5 DE OCTUBRE

                               LA PRESENCIA DE DIOS

Si un gran rey, rodeado de su corte, nos concediese audiencia, o si el Sumo Pontífice, rodeado del Sacro Colegio de cardenales, nos recibiese en el Vaticano, ¡qué temor tan lleno de respeto se apoderaría de nosotros! Si en vez del rey o del Papa, tuviéramos que comparecer ante la incontable multitud de los príncipes del cielo, de esas falanges de confesores, vírgenes, religiosos, sacerdotes y mártires; de esas brillantes legiones de ángeles, arcángeles, potestades, principados, sin exceptuar a los querubines, serafines ni a ninguno de los santos canonizados por la Iglesia; y si todas las miradas de esta asamblea incomparable se detuvieran en nosotros, ¡qué profunda impresión de respeto y de santo temor se apoderaría de nosotros! Sin embargo, la majestad de esta corte espléndida no es nada si la comparamos a Dios; es como dijo Isaías: “Menos que un grano de arena como una pura nada.” ¿Cómo pude, por tanto, atreverme con tanta frecuencia, despreciable átomo perdido en el infinito, cómo pude rebelarme y desobedecer a esta grandeza soberana que llena cielos y tierra? ¡Qué ciegos somos! ¡Parece imposible que, a pesar de estar colocados en Dios como un cristal bajo un sol esplendoroso, podamos perder de vista y aun lleguemos a ofenderle! El pensamiento de la majestad del Señor, la plenitud de su ser, de su poder, de su sabiduría, de su  santidad sin límites, debería hacer que, al igual que los ángeles, se apoderara de nosotros santo temblor; sin embargo, el pensamiento de Dios, la presencia de Dios apenas impresiona nuestra inteligencia y nuestro corazón.

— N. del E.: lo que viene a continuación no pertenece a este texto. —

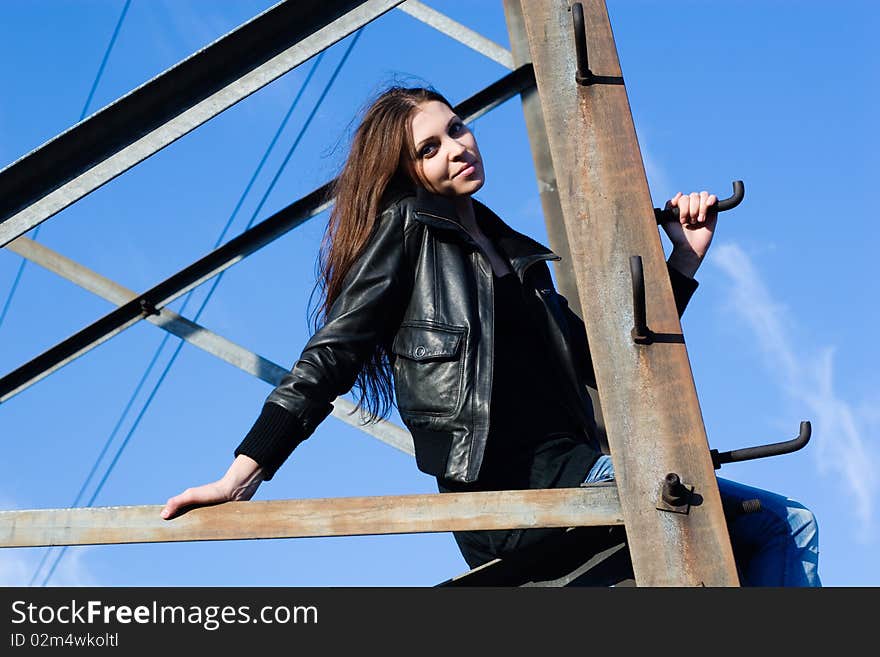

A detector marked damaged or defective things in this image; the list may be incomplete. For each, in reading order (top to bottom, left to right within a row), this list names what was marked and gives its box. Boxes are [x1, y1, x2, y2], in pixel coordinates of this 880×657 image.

rusty steel beam [0, 484, 624, 544]
rusty steel beam [520, 0, 740, 584]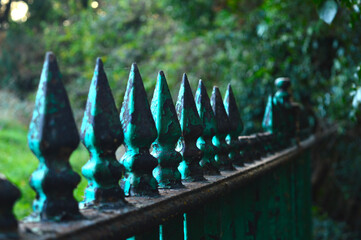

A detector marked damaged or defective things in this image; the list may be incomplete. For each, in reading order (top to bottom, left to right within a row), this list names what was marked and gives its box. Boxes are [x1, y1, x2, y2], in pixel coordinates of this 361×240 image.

peeling green paint [27, 52, 81, 221]
peeling green paint [80, 58, 126, 206]
peeling green paint [119, 63, 158, 195]
peeling green paint [150, 70, 183, 188]
peeling green paint [175, 74, 205, 181]
peeling green paint [194, 79, 219, 175]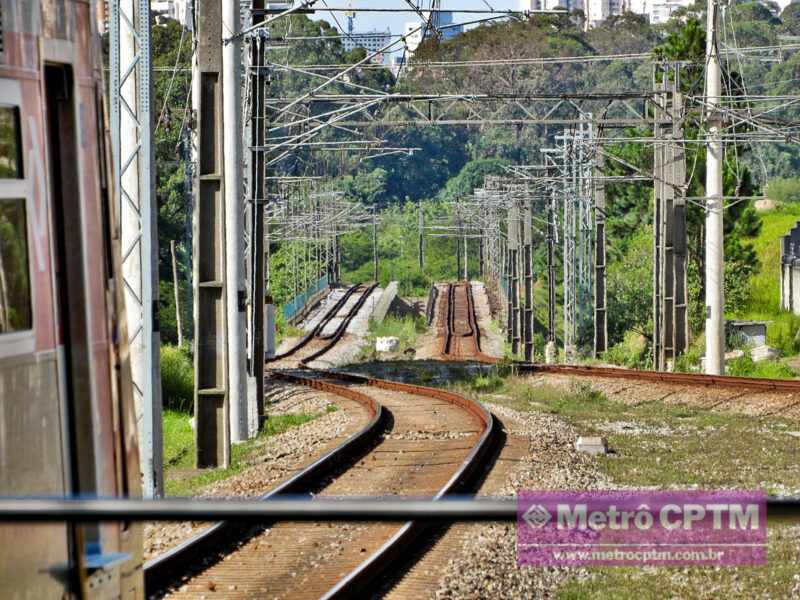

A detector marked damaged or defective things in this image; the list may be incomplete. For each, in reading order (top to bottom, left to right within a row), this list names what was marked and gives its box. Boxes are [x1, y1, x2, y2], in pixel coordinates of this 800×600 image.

rusty rail surface [145, 372, 388, 592]
rusty rail surface [516, 360, 800, 394]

De esto provienen tan frecuentes faltas, las habituales distracciones en la oración y el escaso espíritu de fe en todas las acciones. Lejos de parecernos a los santos, siempre como anonadados ante Dios, somos presuntuosos en nuestros juicios, nos obstinamos en hacer nuestra voluntad, no guardamos la debida compostura y siempre andamos solícitos, agitados, impacientes, como si no dependiéramos de aquél que gobierna el universo y ordena todos los acontecimientos. 

¡Dios mío! Despierta mi fe, para que comprenda tus perfecciones infinitas, y hazme vivir en tu presencia con la misma profunda veneración que por ti sienten en el cielo los espíritus bienaventurados. Te ruego me infundas valor para despreciar los respetos humanos, cuando se trata de agradarte. Dame fuerzas para mortificarme, evitando la demasiada comodidad, practicando en todas partes la modestia ante tus divinas miradas y manteniéndome recogido aun cuando me encuentre entre el bullicio de las gentes o en medio de los asuntos que más me puedan distraer.